The selfless life inevitably means self-sacrifice, writes David Quinn
American swimmer, Michael Phelps, has now won an extraordinary 23 gold medals. If he was a country on his own, he would rank something like No.35 on an all-time gold medal table. It makes him one of the greatest Olympians ever.
It goes without saying that quite apart from his natural talent, it is incredible hard work and self-sacrifice that has got him to where he is today. Was it worth it? For him it was. He is now a legend. But his personal life came off the rails for a time and threatened to derail his sporting career as well.
By the time this started to happen, Phelps already had two tremendously successful Olympics behind him, namely Athens in 2004 and Beijing in 2008. In 2009, he was suspended from competitive swimming for three months having been caught apparently smoking cannabis. He started drinking heavily and when he first retired after the 2012 London Olympics, he found nothing else to fill his life with.
A combination of marriage, reconciliation with his estranged father and reigniting his love for swimming put his life back on the rails and we have just seen the result of that in Rio.

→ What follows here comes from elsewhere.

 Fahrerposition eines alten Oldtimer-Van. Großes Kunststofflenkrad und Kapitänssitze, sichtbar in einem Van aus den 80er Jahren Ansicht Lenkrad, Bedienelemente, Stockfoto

Other highly successful swimmers have also seen their lives come off the rails, including Australia’s Ian Thorpe and Grant Hackett. It is the same in many other sports.
Excellence
What must be remembered is that anyone who succeeds at sport has to sacrifice a huge part of their childhood. Everything in their life has to take second place behind the pursuit of sporting excellence. If they don’t succeed in the end, or even if they do, the void left behind by retiring from their chosen sport has to be filled by something, and often it isn’t.
The question is whether all the sacrifices are worth it? It must be remembered that for every sportsperson who succeeds, thousands don’t. If you searched hard enough you would probably find former athletes who would tell you that the sacrifices weren’t worth it. But most would probably say that they were, even if they didn’t reach the top of their field.

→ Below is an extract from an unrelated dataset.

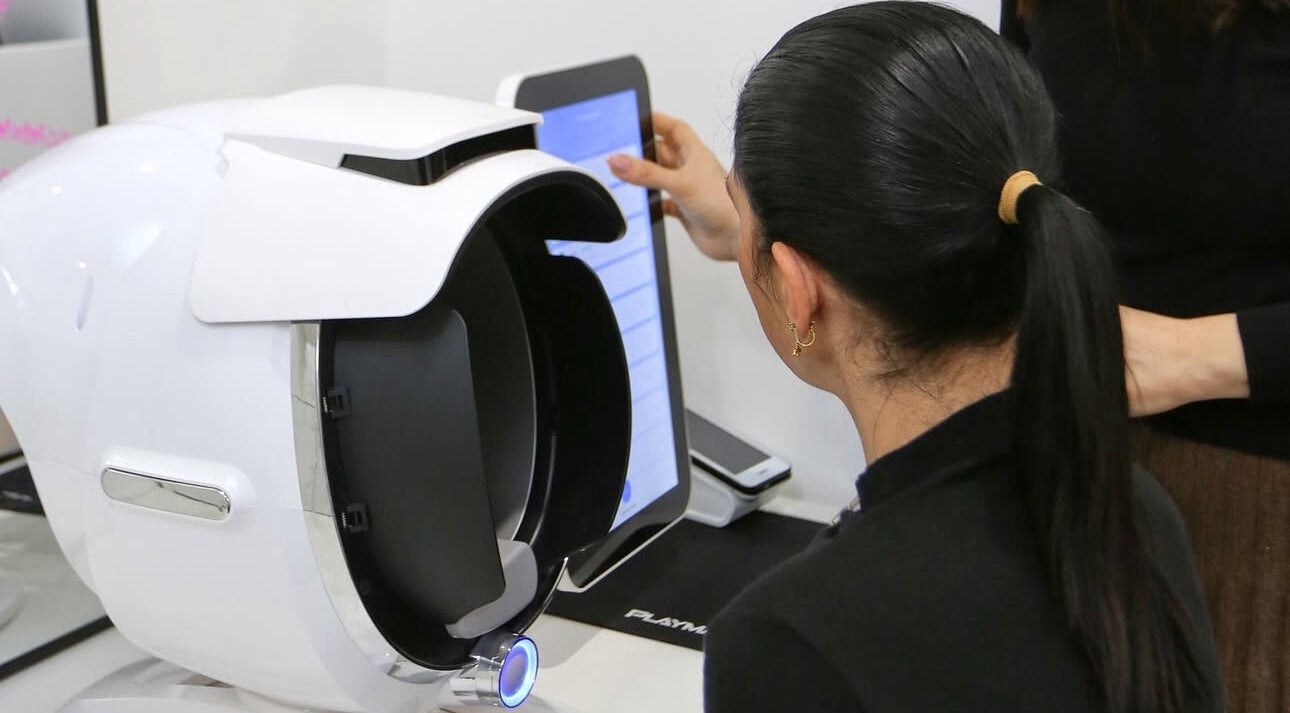 Customer undergoing high-tech skin analysis at Lavish Seven Beauty Bar, Annangrove, New South Wales, AU.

For most of those at the Olympics, getting there is enough, and for those who don’t get that far, trying to get there is enough. Becoming the best you can be at something is reward enough on its own and means the sacrifices and hardships involved are worth it.
Do Christians believe the pursuit of moral excellence, as distinct from sporting excellence, is worth the sacrifice? Do they even believe it should involve any hardship or sacrifice?

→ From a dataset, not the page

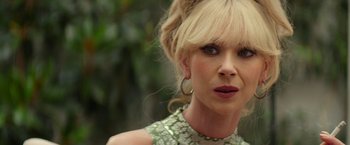 Movie still from “The Offer” (2022), directed by Dexter Fletcher – A person with blond hair wearing a green dress; Close Up shot, Over the shoulder angle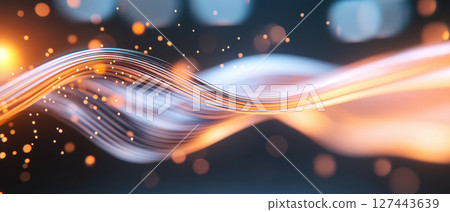 Abstract image of flowing digital lines with glowing particles, representing technology and innovation 127443639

In the US, something called ‘prosperity theology’ enjoys a certain vogue. The idea behind it is that if you have God in your life, then everything in your life will go right, all things will prosper and you will even prosper materially. If this isn’t a heresy, nothing is.
A while back I came across a Facebook page called ‘Karl Barth for dummies’. Barth was one of the great Protestant theologians of the last century. The people behind this Facebook page had posted a picture of Christians in the lion’s den with the caption, ‘God loves you very much and has a wonderful plan for your life’.
They weren’t mocking Christianity. They were mocking the idea that Christianity should come without a cost, without the cross, without any hardship or suffering. If every Christian believed that believing in God and following him should bring only good things, there would be no Christianity because no Christian would ever have been able to endure any hardship. They would have fallen at the first hurdle.
Imagine if we viewed our marriages in the same way, if we believed a marriage should bring only happiness at all times. This would mean that our marriages would fail as soon as the first major challenge came along.
Nothing could survive this kind of totally unrealistic expectation, and nothing should. If a marriage is worth its salt, it ought to be able to survive challenges. In fact, the challenges show it is worth its salt.
For example, can you really be said to love your spouse if you are not willing to care for them through a long illness, or to help them bounce back from say, a spell of unemployment?
Can we really say we love our children unless we are willing to stand by them when they make terrible decisions that mean their lives have come off the rails, maybe for an indefinite period?
Suffering
Fr Brendan Purcell, a priest of the Dublin archdiocese who is now based in Australia but who used to teach philosophy at UCD, has just published a book with Veritas called, Where is God in Suffering? The most difficult kind of suffering to square with belief in a loving God is physical suffering.
But an awful lot of the suffering that comes our way is either self-inflicted or inflicted by the behaviour of others; a spouse, a child, another family member, a work colleague and so on.
A lot of suffering comes our way precisely because we love those closest to us. You might regret it when you hear about someone whose life has come off the rails, but you don’t suffer because of it. You do suffer when it happens to someone you love because you care about them.
Pope Benedict has correctly pointed out that if you want to rid the world of suffering the first thing to go has to be love, because a huge amount of pain is caused when we see things go wrong in the lives of those we love. It is very hard to get through life without this happening not just once, but probably many times.
None of this applies only to the Christian life, of course. Any moral life means overcoming selfishness and that isn’t easy because the selfless life means, by definition, caring for other people, and that is going to involve pain at some point. It is facing into this pain and going through it that we become better people.
So the question is, do we think it is worth it? Do we think it is worthwhile becoming less selfish and more selfless? It would be a very strange Christian who answered ‘No’ to that question. The selfless life necessarily involves caring for others and that will inevitably mean self-sacrifice. Any other view is completely incompatible with Christianity.